日が傾き東斜面が影に入ると気温がぐっと下がってきた。濡れた手袋が急に体温を奪い始める。このまま上に向かった場合どこで日が落ちるのかを考えるといい結果はでて来そうにない。トップはロープ一本分上部にいたがリーダーに戻りたいと意思を伝える。後に解ることだがトップを進んでいた仲間は山頂ビバークを念頭においていたという。明日の天気予報が思わしくなかったこの時点で僕はその選択肢を持っていなかった。しかし結果的には翌日に迎えた朝は何ひとつシミを作るものの無い快晴であった。
14:50 到達地点4200m。下山を開始する。しかし簡単に下れるルートではない。あいまいな一歩が千mの滑落につながりかねない。懸垂下降の繰り返しが続きだんだん気がめいってくる。ロープを出さずに降りることが多くなり20mほどの雪渓トラバースでは緊張が走る。繋がれている、という安心感が安全な行動を生むという基本を守ろうと後の反省点となる。
19:20 ソルベイ小屋に戻ってきた。上り6時間かかったところに下り4時間半を費やし距離の長さを実感する。日没が9時前後なのでとてもヘルンリ小屋までは明るいうちにはたどり着けないという判断によりここで夜を明かすことにする。荷物軽量化のために水・食料はギリギリしか持っていない。先陣が置いていったパンを消費期限を気にしながら食べる。下痢にならずに明日を迎えられたらよしとしよう。毛布は一人に一つ分けることが出来たが1つのマットレスに3人で横になりツェルトをかぶる。リーダーは緊張の連続を強いられていたのだろう、何を食べるわけでもなく座ったまま眠ってしまいそのまま長いすに横になって朝を迎えた。他に一組のカップル、計6人がソルベイ小屋への避難者となった。
8月17日
07:10 ソルベイ小屋から下に向かう。
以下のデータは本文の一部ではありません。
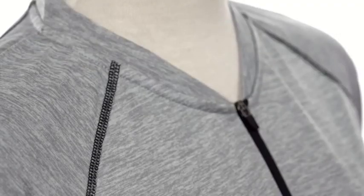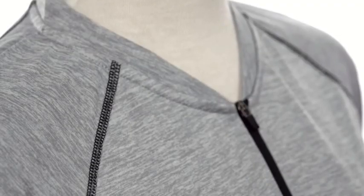At first glance, the Quadra long sleeve top might be seen as an activewear piece, but once you see the beautiful finish of the micro polyester slub yarns, you recognize the compelling athleisure component. Equipped with a moisture wicking and antimicrobial finish, it can stand up to your toughest workout, while the modern fit and lightweight comfort make it a great option for everyday wear.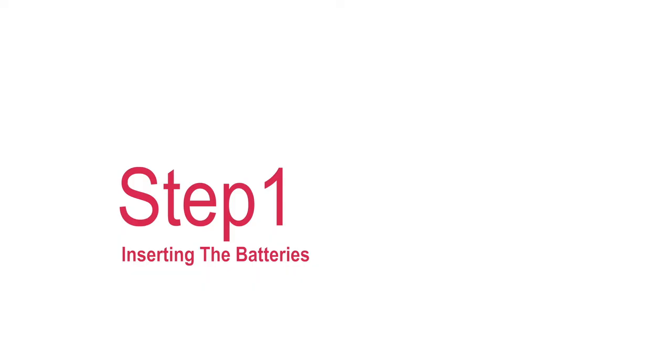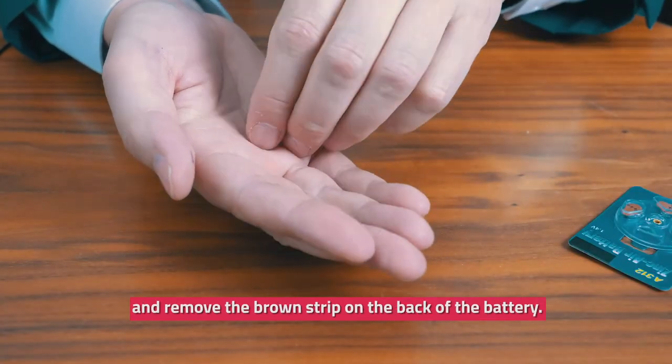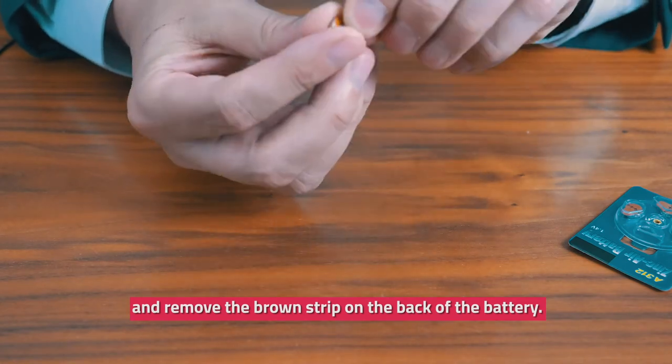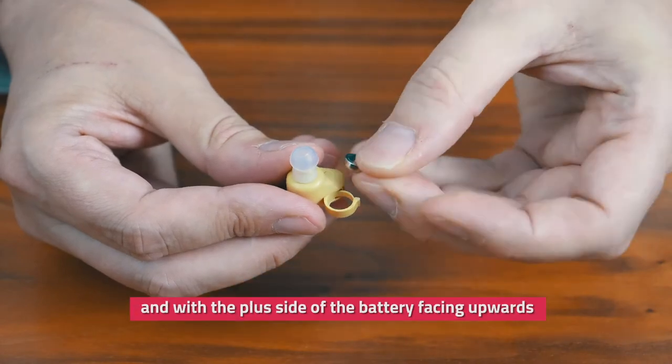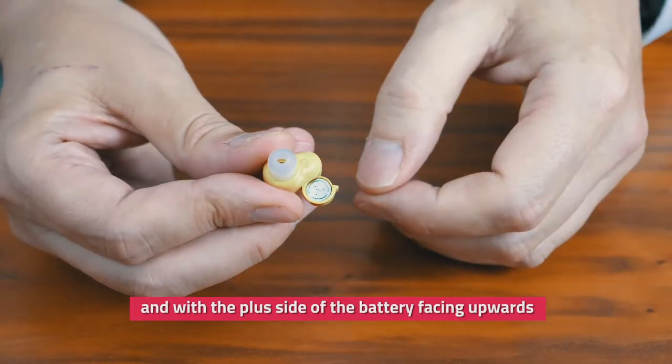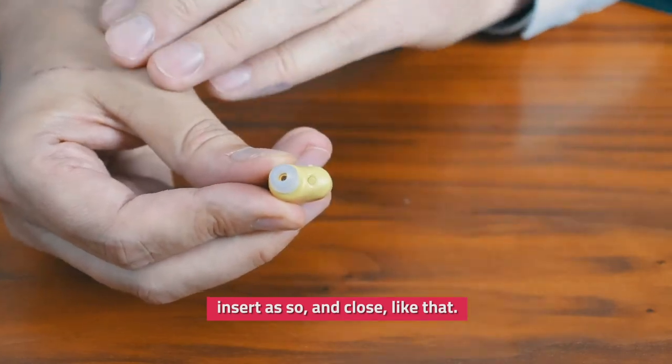Step one: to insert a battery, remove one from the pack and remove the brown strip on the back of the battery. Open the battery door of the instrument and, with the plus side of the battery facing upwards, insert as so and close like that.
天気はすこぶる快晴、昨日の判断がよかったのか自分を責める。「上に行くかぁ」冗談のように言ったリーダーだが水が無いことが下に向かわせた。昨日暗い中上ってきたコースを確認しながら降りるが大分寄り道が多かったらしい。初めて見る部分も多い。
11:30 ヘルンリ小屋に戻る。快晴は続いており悔しさが隠せない。しかし自分がシャリバテになったときの状況を想像するに仕切りなおしが妥当だと自分で結論づける。各々がどうしたら山頂に立てるか、思案しながらツェルマットのアパートに戻ったのは4時を過ぎていた。